Professor Fabrizio Caola, Associate Professor of Theoretical Particle Physics in the Department of Physics, has been awarded a much sought-after European Research Council Consolidator Grant. The funding will help his work developing a new generation of theoretical predictions for the Large Hadron Collider in order to unlock new insights from its data. Here, he talks about his quest to develop extremely sophisticated theoretical predictions to match the exquisite precision of the LHC data…

The Large Hadron Collider (LHC) at CERN is the most powerful particle accelerator ever built. It pushes protons or ions to near the speed of light and, as a result, it provides people like me with incredibly precise data that allow us to study the structure of the fundamental interactions that govern our universe.

About ten years ago, the LHC achieved its first milestone with the discovery of the Higgs boson, a key missing piece of the Standard Model of particle theory.

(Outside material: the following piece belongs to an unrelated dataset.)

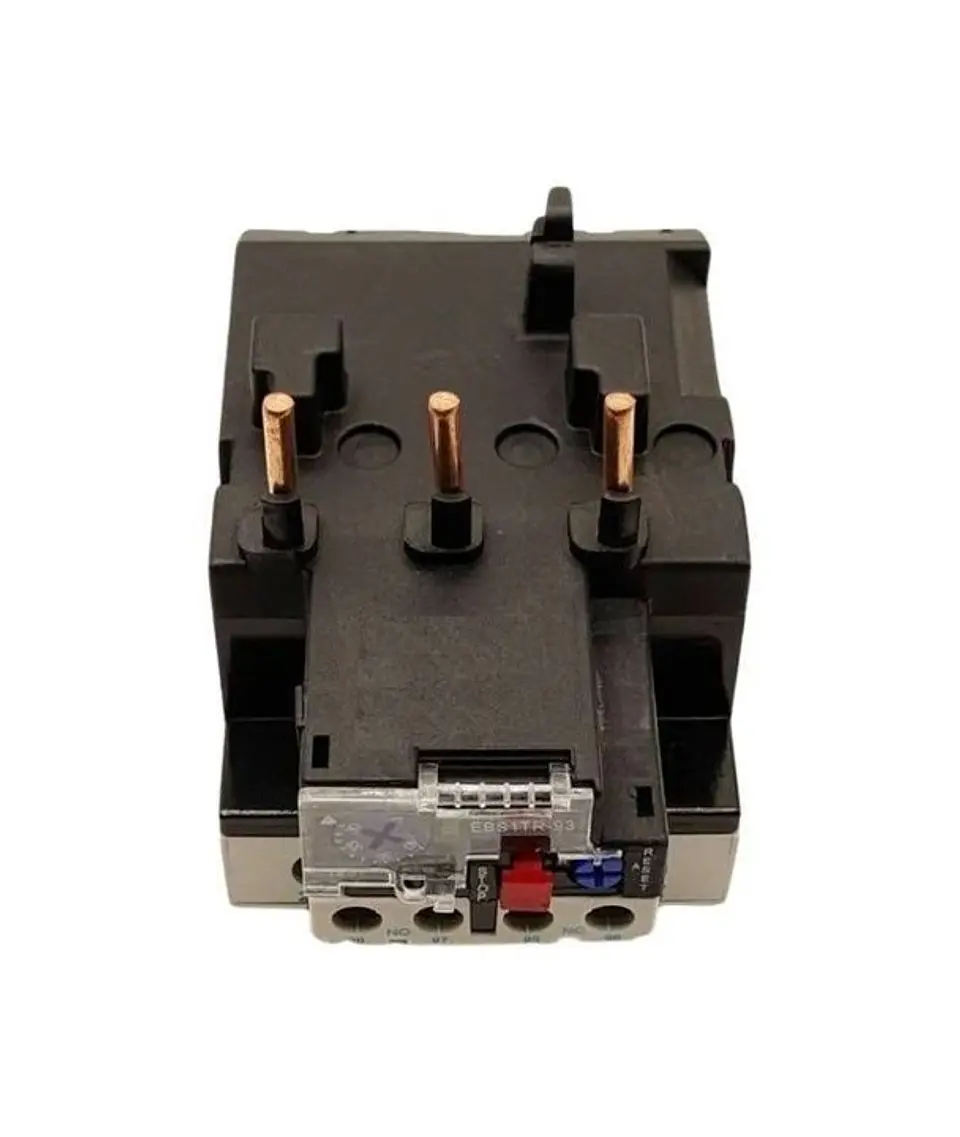 Rele Termico Lexo 30-40A 2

But is the new particle exactly the one predicted by the Standard Model? Answering this question is a fascinating topic that will keep particle physicists engaged for a very long time… Another milestone was reached when the LHC went on to establish that the Higgs boson does indeed interact with matter in a way which is compatible with the Standard Model – through what we call Yukawa interactions. Such interactions have never been observed at the fundamental level before and the Higgs boson certainly seems unlike any other elementary particle. However, in the past, every time we encountered something similar – from superconductivity to particle physics – it turned out to be as a result of a deeper, more fundamental underlying theory. So could that be the case for the Higgs boson or this time, are we actually looking at something truly fundamental?

Answering these questions – as well as continuing to chart nature at an unprecedented scale and keep searching for potential new physics – requires extremely sophisticated theoretical predictions to match the exquisite precision of the LHC data. These are based on quantum field theory, a beautiful framework that combines quantum mechanics and special relativity.

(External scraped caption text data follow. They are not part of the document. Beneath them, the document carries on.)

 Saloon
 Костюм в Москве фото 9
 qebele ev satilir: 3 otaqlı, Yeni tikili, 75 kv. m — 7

With the ERC grant, we are aiming to develop a new generation of theoretical predictions for the LHC that will be crucial to getting the most out of LHC data. To do so, we will have to overcome many challenges. We will have to develop innovative techniques for calculating scattering amplitudes – beautiful mathematical objects that encode the quantum probability of scattering processes. And we will have to devise new ways for dealing with the intricate pattern of particle radiation; this is what currently prevents us from obtaining accurate-enough theoretical predictions for all but a handful of very simple collider processes.

It is an enormous honour to have been awarded an ERC consolidator grant and, crucially, it will allow me to assemble a team of top scientists from all over the world to tackle some of the most pressing problems of collider phenomenology.

This would not have been possible without the help of my many friends and colleagues in Oxford, and in particular of Professor Gavin Salam and Professor Sakura Schafer-Nameki who, through endless discussions, helped me to sharpen the research vision that my ERC project is based on. And a big thanks also to the Department of Physics research facilitator team, in particular Hannah Lingard, Bryony Elbert and Charlie Garner who went the extra mile to help me communicate my research vision in a clear and effective way.